16. The medium according to claim 13, wherein the signal group delay of the data signal line and the clock signal line is obtained by calculating a time difference between the first signal delay and the second signal delay, and the time difference is an absolute value of the first signal delay and the second signal delay.
17. The medium according to claim 13, wherein each of the S-parameters is a signal parameter representing an electrical frequency that is an incident voltage parameter or a reflective voltage parameter.
18. The medium according to claim 13, wherein the S-parameter matrix is created using a circuit simulation tool that is a SPICE program or a HSPICE program.
Description:
BACKGROUND
[0001] 1. Technical Field
[0002] Embodiments of the present disclosure relate to printed circuit board (PCB) analysis systems and methods, and particularly to a computing device, a storage medium, and a method for analyzing a signal group delay of data signal lines and clock signal lines included in a PCB.
[0003] 2. Description of Related Art
[0004] Electronic apparatuses utilize high frequency clock signals in order to achieve high processing speeds and multifunctional abilities. In design of a printed circuit board (PCB) for an electronic apparatus, length of a clock signal line should be equal to length of a data signal line corresponding to the clock signal line. In order to evaluate a signal delay between the data signal line and the clock signal line, a designer conventionally performs a timing analysis to examine whether the signal delay satisfies PCB design specifications. If the signal delay fails to satisfy the PCB design specifications, the designer determines that the layout design of the data line and the clock signal line should be redesigned in the PCB.
[0005] However, it is difficult to make sure that the length of each clock signal line equals to the length the data signal line during the design of a PCB, and such design error may result in signal delay failing to satisfy the PCB design specifications. Therefore, there is need for a system and method for analyzing a signal group delay between the data signal lines and clock signal lines, to make sure that a layout of the PCB satisfies the PCB design specifications.
BRIEF DESCRIPTION OF THE DRAWINGS
[0006] FIG. 1 is a block diagram of one embodiment of a computing device including a signal group delay analysis system.
[0007] FIG. 2 is a flowchart of one embodiment of a method for analyzing a signal group delay of a PCB using the computing device of FIG. 1.
[0008] FIG. 3 is a schematic diagram illustrating one example of a pair of data signal line and a pair of clock signal line included in a PCB.
DETAILED DESCRIPTION
[0009] The present disclosure, including the accompanying drawings, is illustrated by way of examples and not by way of limitation. It should be noted that references to "an" or "one" embodiment in this disclosure are not necessarily to the same embodiment, and such references mean at least one.
[0010] In the present disclosure, the word "module," as used herein, refers to logic embodied in hardware or firmware, or to a collection of software instructions, written in a program language.
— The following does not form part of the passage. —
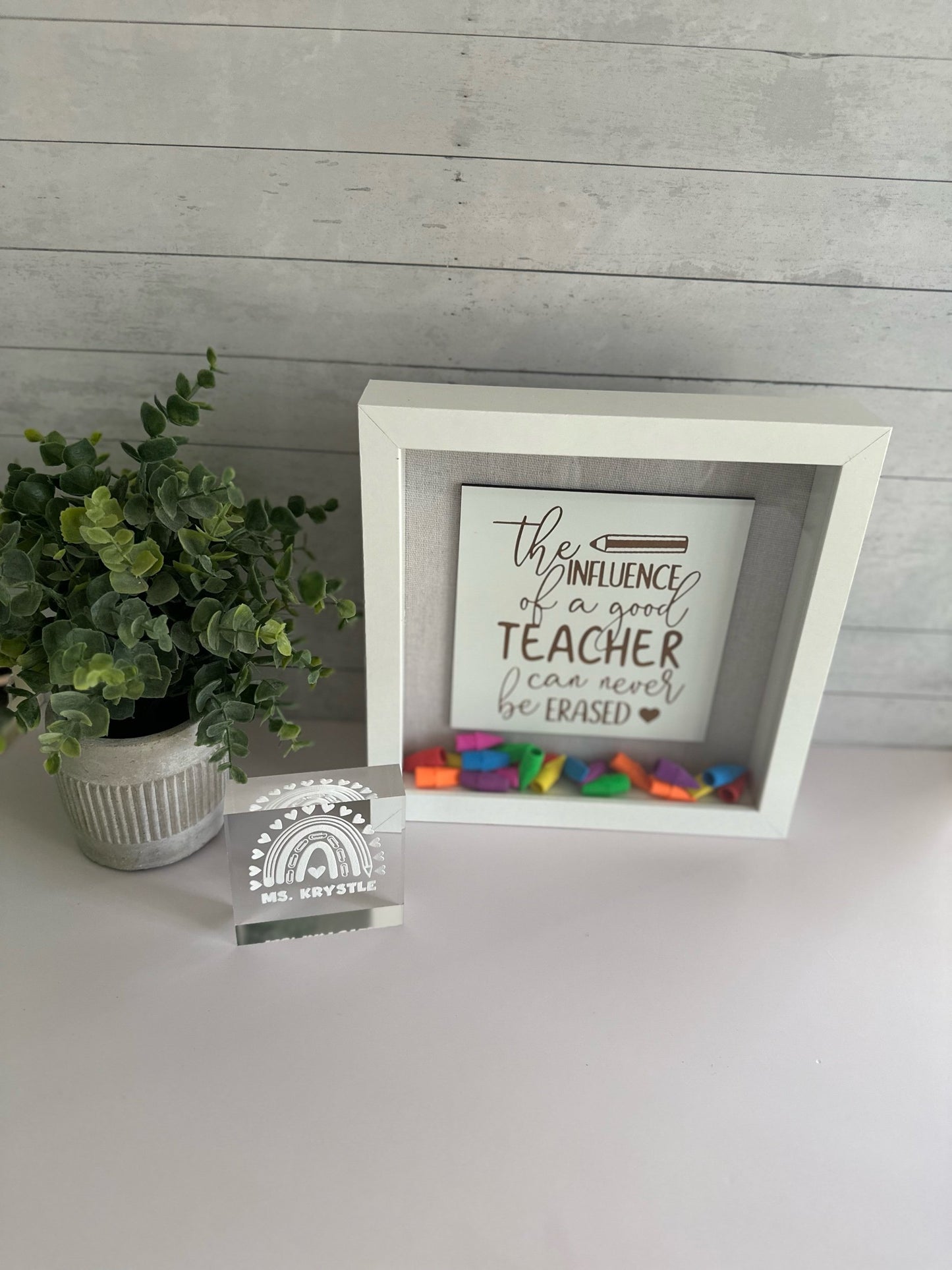 Teacher Appreciation Shadow Box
In one embodiment, the program language may be Java, C, or assembly. One or more software instructions in the modules may be embedded in firmware, such as an EPROM. The modules described herein may be implemented as either software and/or hardware modules and may be stored in any type of non-transitory computer-readable medium or other storage device. Some non-limiting examples of non-transitory computer-readable medium include CDs, DVDs, flash memory, and hard disk drives.
[0011] FIG. 1 is a block diagram of one embodiment of a computing device 1 including a signal group delay analysis system 10. In the embodiment, the computing device 1 electronically connects to a signal measuring device 2 and a display device 3. The computing device 1 may further include at least one processor 11 and a storage system 12. The signal group delay analysis system 10 may include a plurality of functional modules that are stored in the storage system 12 and executed by the at least one processor 11. It is understood that FIG. 1 is only one example of the computing device 1 that includes more or fewer components than those shown in the embodiment, or have a different configuration of the various components.
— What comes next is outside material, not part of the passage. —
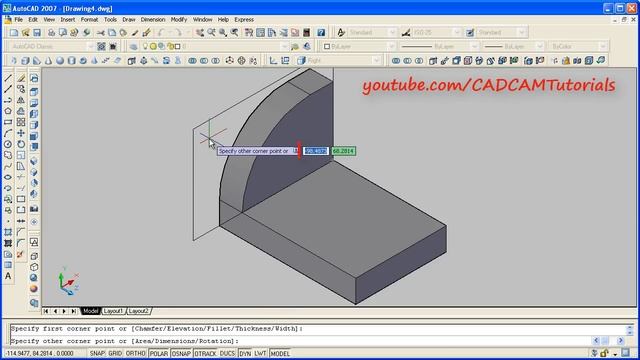 AutoCAD 2007 3D Tutorial for Beginners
[0012] In one embodiment, the signal measuring device 2 may be an oscilloscope that is used to measure a plurality of S-parameters from a pair of data signal lines and clock signal lines of a printed circuit board (PCB). In one embodiment, the PCB may be a motherboard of a computer or a passive circuit board of an electronic apparatus, such as a game machine or a household appliance. The PCB may include a plurality of data signal lines (e.g., two data signal lines) and a plurality of clock signal lines (e.g., two clock signal lines). Each of the data signal lines is used to transmit data from one component (e.g., a memory) to another component (e.g., a CPU) installed in the PCB, and each of the clock signal lines is used to transmit a clock signal for controlling the data transmission on different components of the PCB. Each of the S-parameters is a signal parameter representing an electrical frequency of the signal, such as an incident voltage parameter and a reflective voltage parameter.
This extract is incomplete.